§ **Dataset extract**
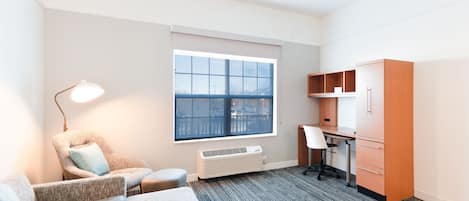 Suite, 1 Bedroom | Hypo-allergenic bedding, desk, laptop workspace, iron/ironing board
--
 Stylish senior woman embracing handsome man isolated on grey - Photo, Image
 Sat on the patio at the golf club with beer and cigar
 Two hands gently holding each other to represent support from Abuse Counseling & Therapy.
---
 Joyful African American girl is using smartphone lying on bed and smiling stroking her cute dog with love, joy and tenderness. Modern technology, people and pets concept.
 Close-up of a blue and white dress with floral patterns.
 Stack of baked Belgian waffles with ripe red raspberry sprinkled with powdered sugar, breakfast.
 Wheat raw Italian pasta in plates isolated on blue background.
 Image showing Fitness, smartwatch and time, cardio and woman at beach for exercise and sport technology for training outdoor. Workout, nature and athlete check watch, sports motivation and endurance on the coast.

§ **Requirement**
Everything from the line containing "Wheat raw Italian" through the line containing "Image showing Fitness, smartwatch" in the material above should be retyped exactly, both ends included, and nothing more.

§ **Solved problem**
 Wheat raw Italian pasta in plates isolated on blue background.
 Image showing Fitness, smartwatch and time, cardio and woman at beach for exercise and sport technology for training outdoor. Workout, nature and athlete check watch, sports motivation and endurance on the coast.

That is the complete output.